# 넣다/꽂다



## Hyperpolyglot

Can 넣다/꽂다 be used interchangeably as put in/insert? Do they both mean to insert an object into something?  Thanks


----------



## Hit Girl

넣다/꽂다 are not interchangeable.
넣다 is simply "to put".
꽂다 is used when you put something skinny, such as flowers, pencils, needles, flags, etc. to something:


----------



## Hyperpolyglot

Hit Girl said:


> 넣다/꽂다 are not interchangeable.
> 넣다 is simply "to put".
> 꽂다 is used when you put something skinny, such as flowers, pencils, needles, flags, etc. to something:


Also, what about 담다,thanks


----------



## Hit Girl

Hyperpolyglot said:


> Also, what about 담다,thanks



담다 - I would say "to fill".
To recap,
넣다: to put
꽂다: to stick
담다: to fill

For all three verbs, the preposition is "에": ~에 ~을 넣다/담다/꽂다


----------



## Hyperpolyglot

Hit Girl said:


> 담다 - I would say "to fill".
> To recap,
> 넣다: to put
> 꽂다: to stick
> 담다: to fill
> 
> For all three verbs, the preposition is "에": ~에 ~을 넣다/담다/꽂다



But I heard that when you deal with food, such as putting a food on the counter, in the microwave, you have to use 담다?


----------



## Sociologist

It is a bit tricky question to answer. Basically, my answer is that it does not depend on 
whether it is a food or not, but on what is the objects to which the food is moved 

Let me have a few examples.

1. If I am in a situation that I am placing a food on a counter, I would go for 놓다 or 올려놓다.

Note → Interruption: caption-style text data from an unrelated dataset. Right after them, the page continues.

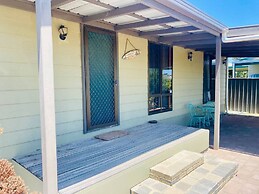 Unwind Retro-vibe Pet Friendly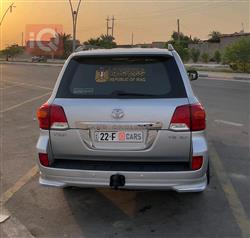 تۆیۆتا لاند کروزەر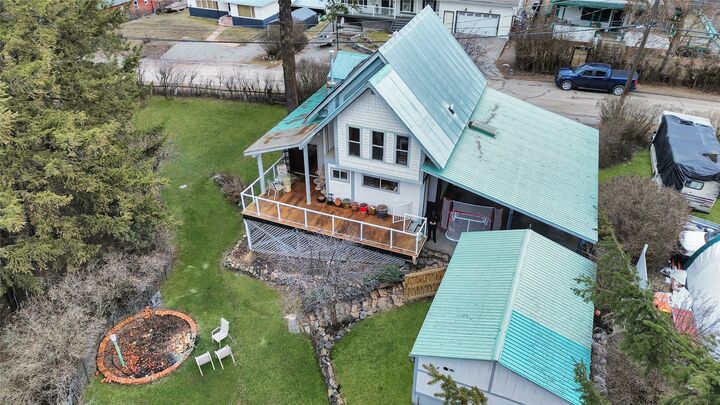 Property Photo: 153 Billiter Avenue BC V0X 1W0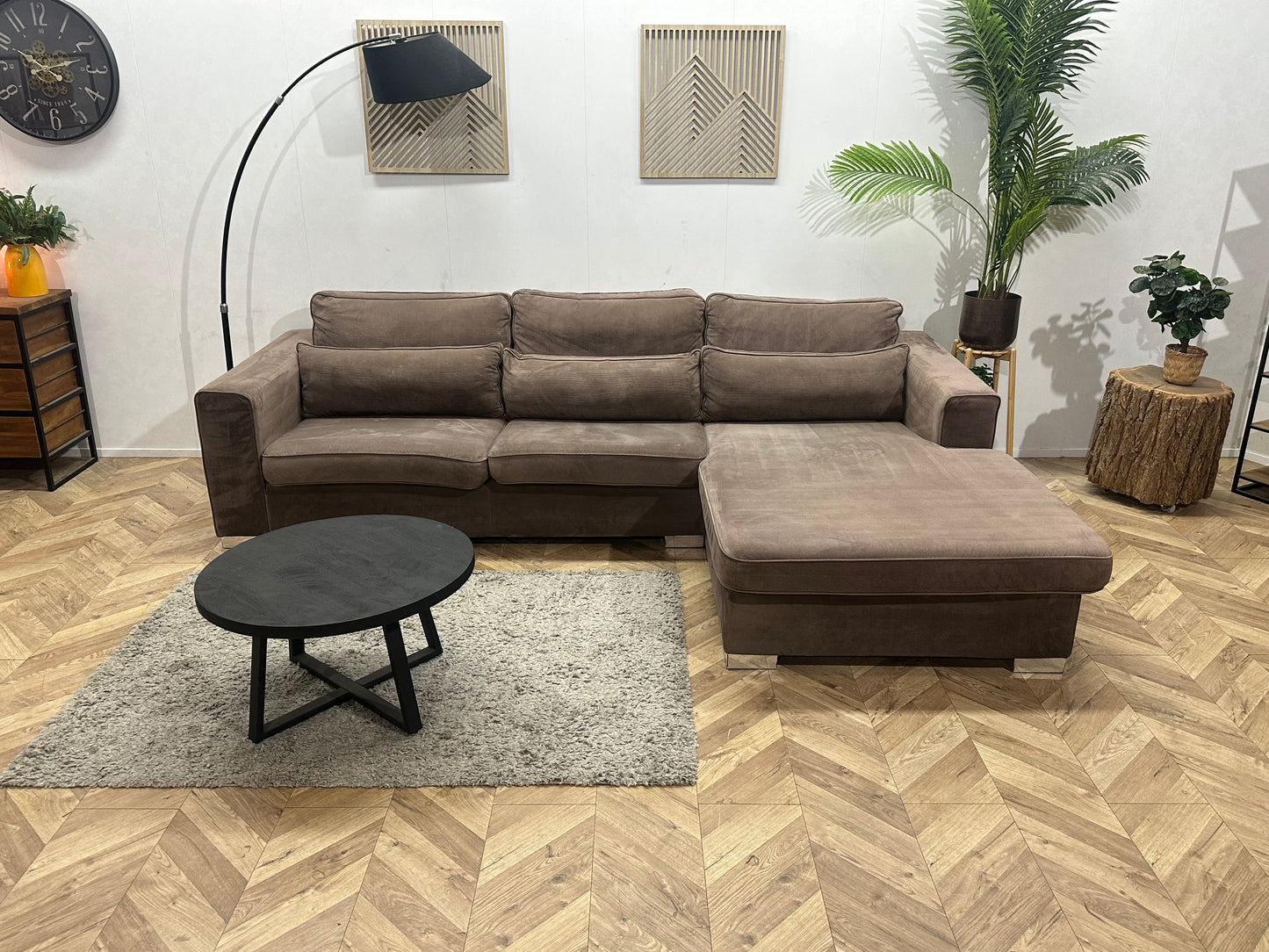 Bruine Velvet Hoekbank ~ Losse Kussens Met Afneembare Hoezen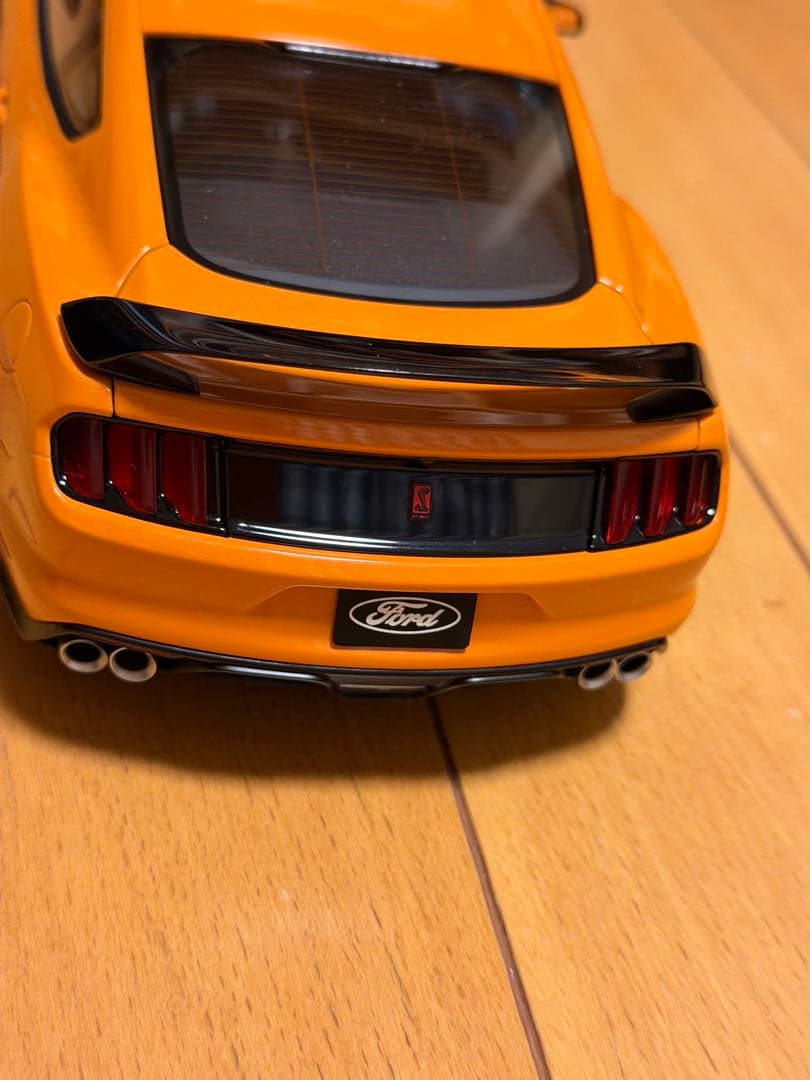 Mustang GT350R 1/18モデルカー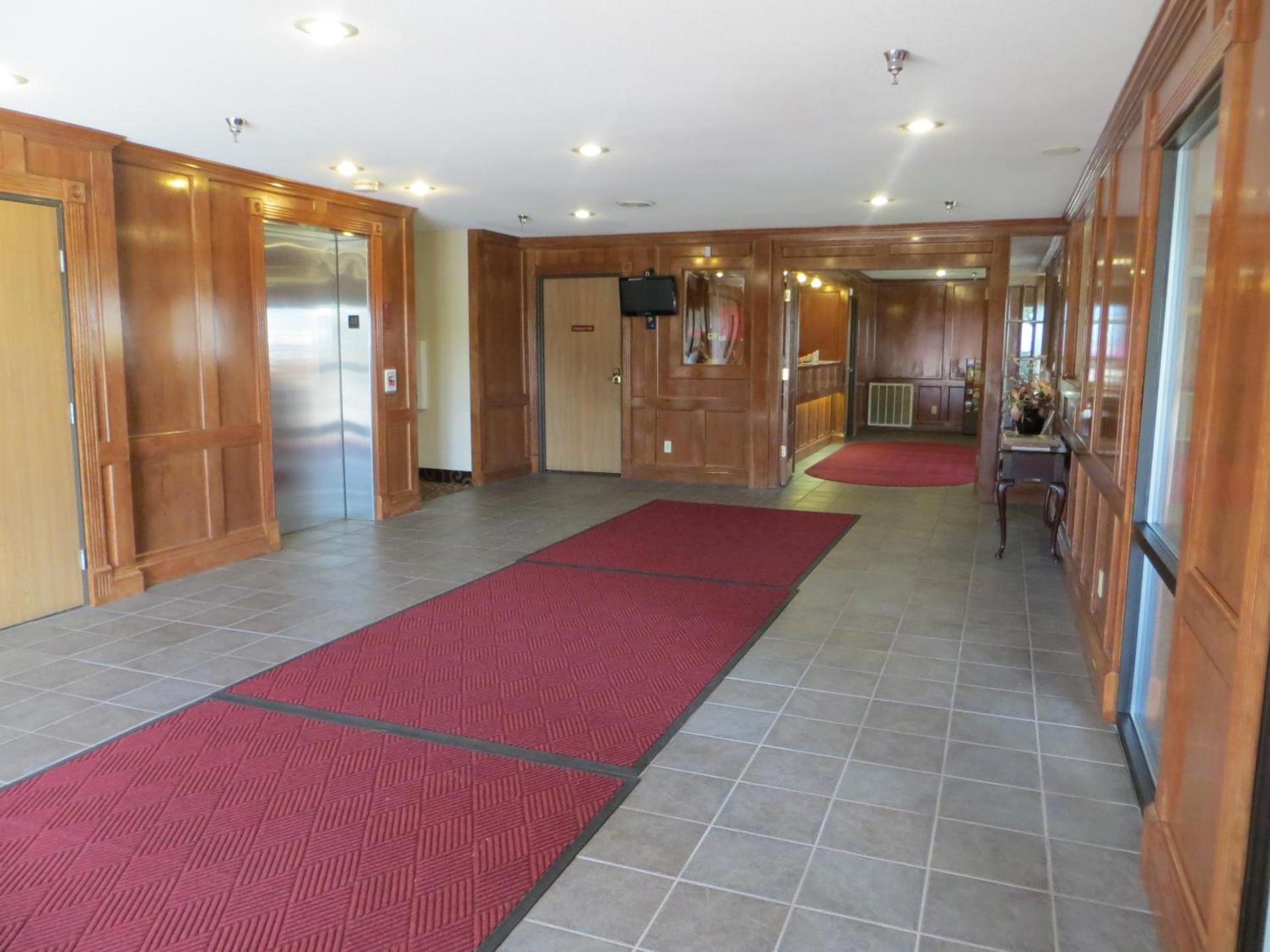 Bayside Hotel of Mackinac photo 16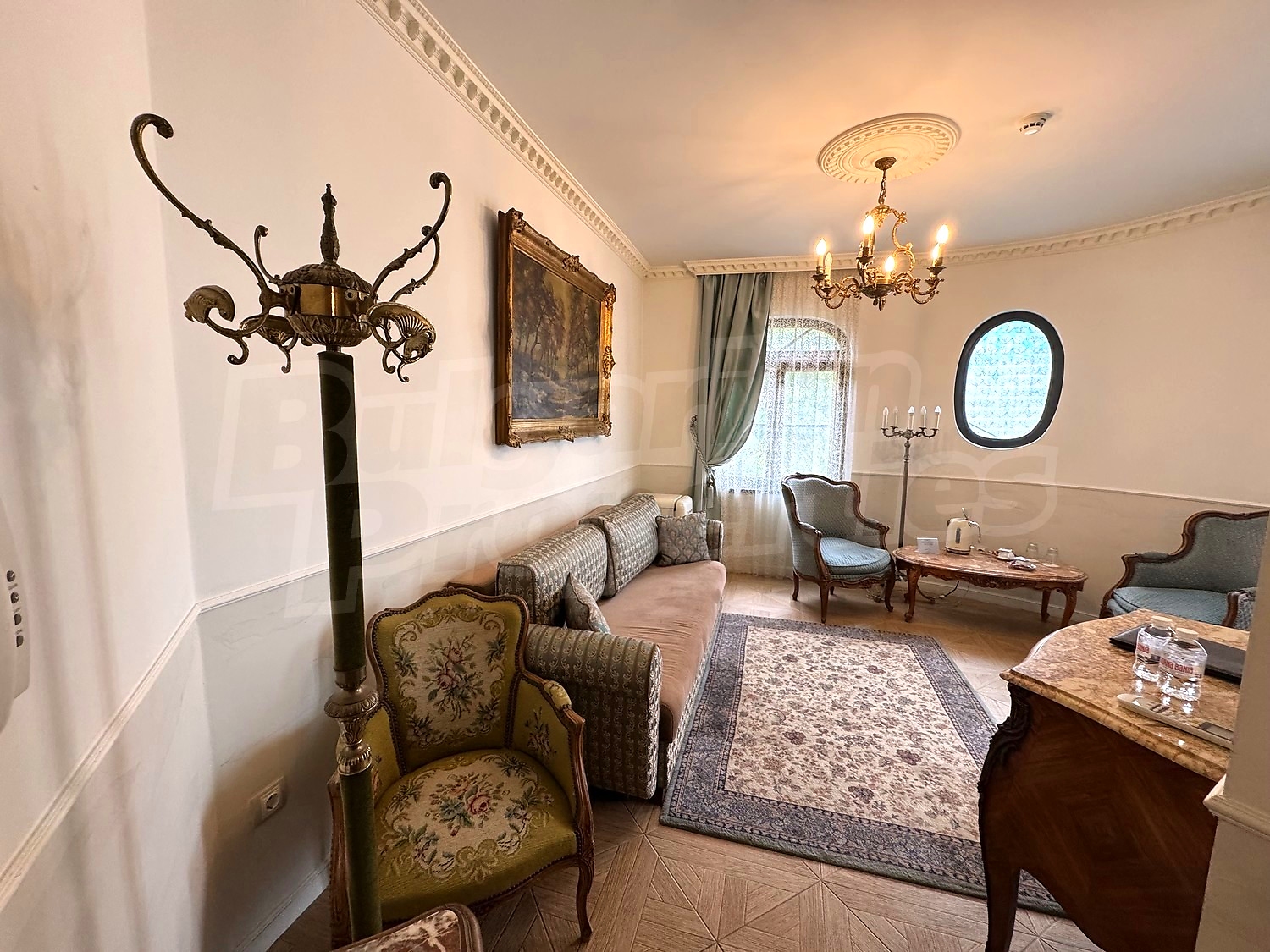 Gallery Picture 16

2. If I am in a situation that I am locating a food into a basket (or box) on a counter, I would go for 담다, 넣다 or even 담아넣다.

3. If I am in a situation that I am putting a food into a microwave, I would go for 넣다.

4. If I am in a situation that I am putting a food in a bowl, I would go for 담다.

5. If I am in a situation that I am putting the bowl into a microwave, I would go for 넣다


----------